Please transcribe the listing that follows exactly; images are to be excluded.
^^^^^^^^^^^^^^^^
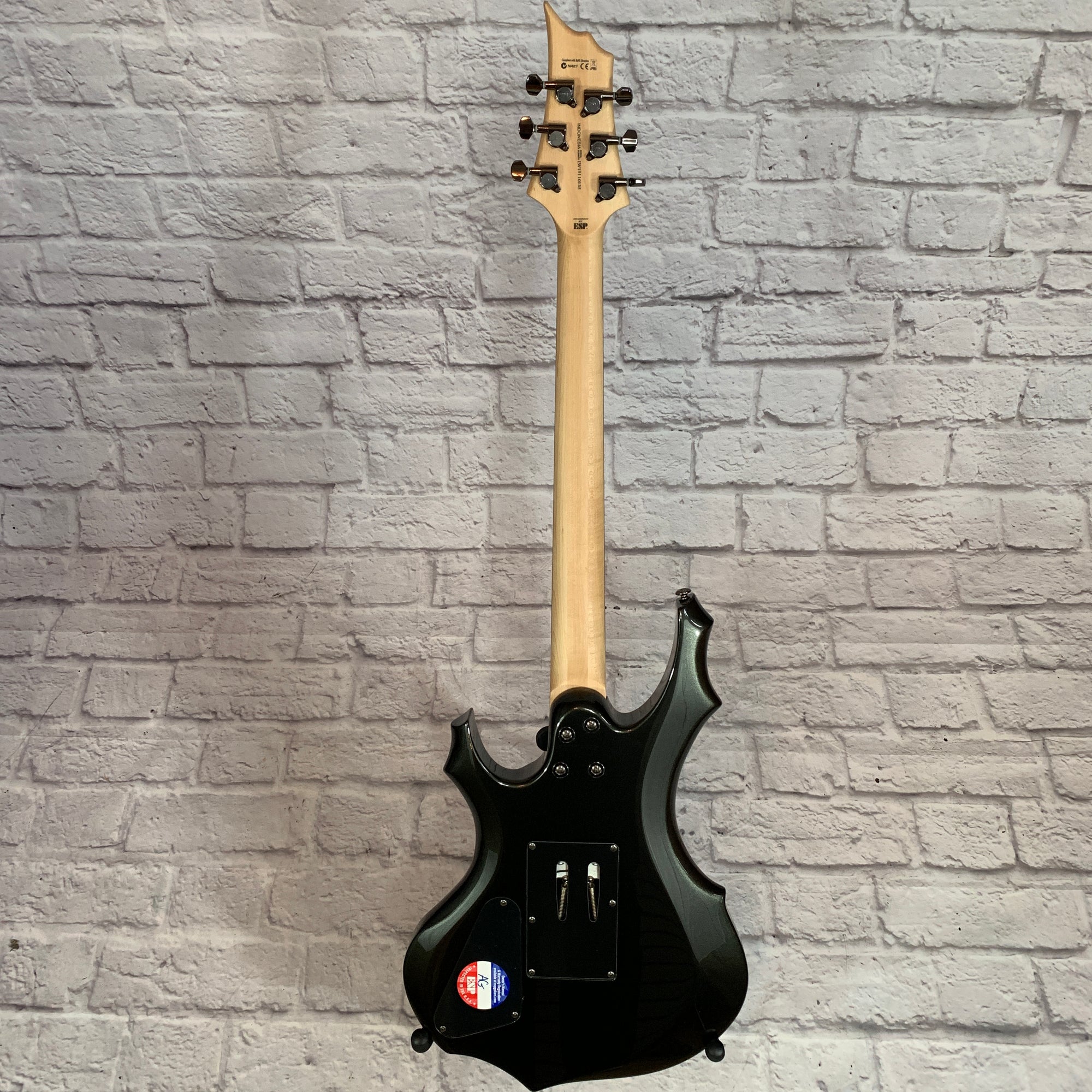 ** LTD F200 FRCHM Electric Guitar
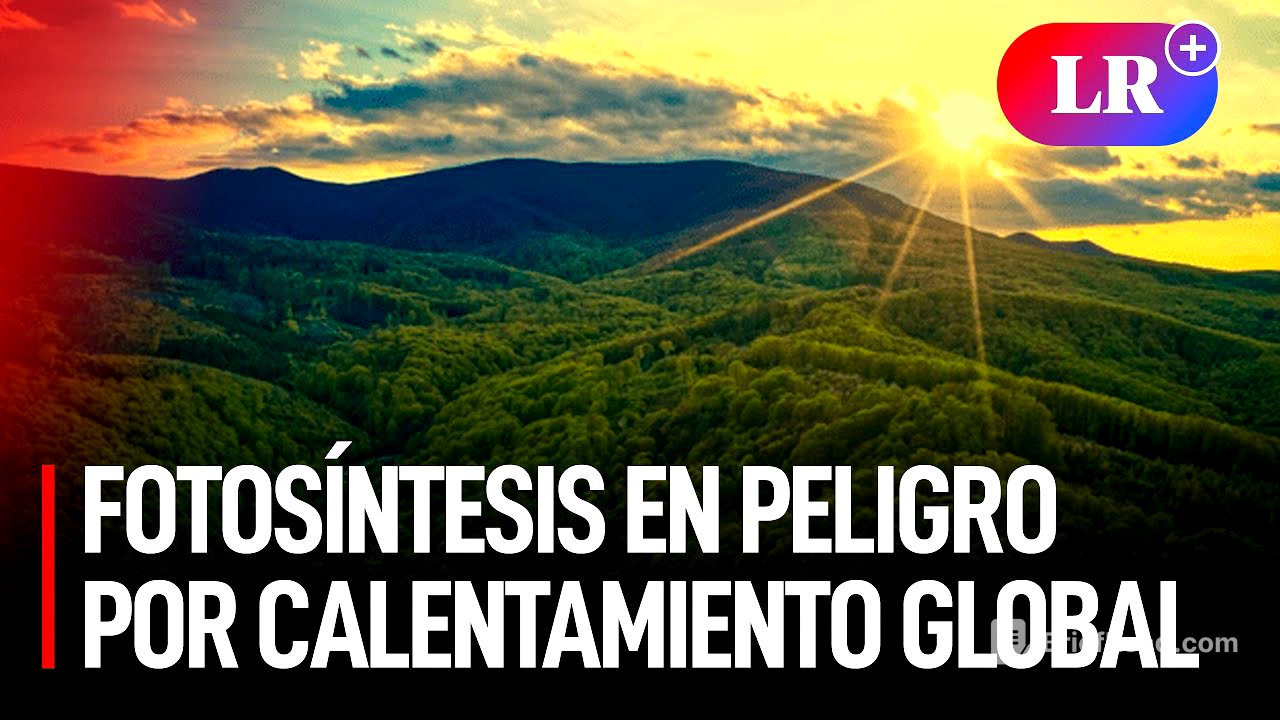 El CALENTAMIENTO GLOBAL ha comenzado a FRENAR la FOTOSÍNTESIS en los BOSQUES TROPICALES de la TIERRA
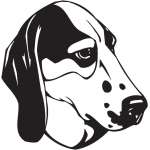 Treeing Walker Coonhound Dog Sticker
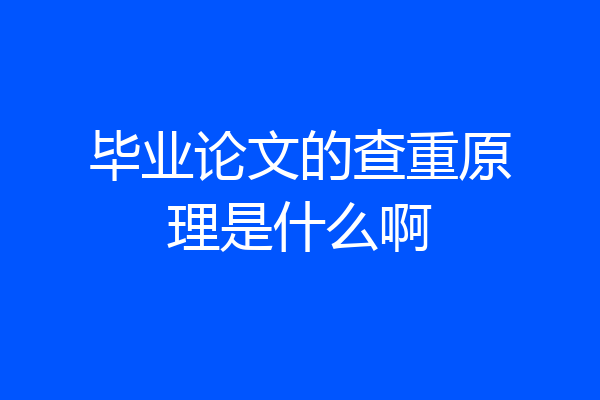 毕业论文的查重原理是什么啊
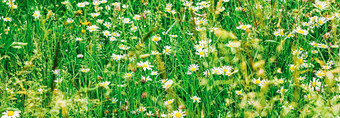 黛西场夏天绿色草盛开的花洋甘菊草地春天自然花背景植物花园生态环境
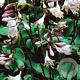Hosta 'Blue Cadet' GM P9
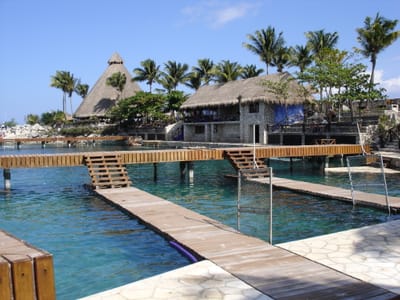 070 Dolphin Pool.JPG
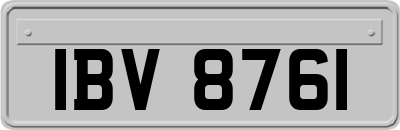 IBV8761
^^^^^^^^^^^^^^^^
▶ _Answer below_
 ** LTD F200 FRCHM Electric Guitar
 El CALENTAMIENTO GLOBAL ha comenzado a FRENAR la FOTOSÍNTESIS en los BOSQUES TROPICALES de la TIERRA
 Treeing Walker Coonhound Dog Sticker
 毕业论文的查重原理是什么啊
 黛西场夏天绿色草盛开的花洋甘菊草地春天自然花背景植物花园生态环境
Hosta 'Blue Cadet' GM P9
 070 Dolphin Pool.JPG
 IBV8761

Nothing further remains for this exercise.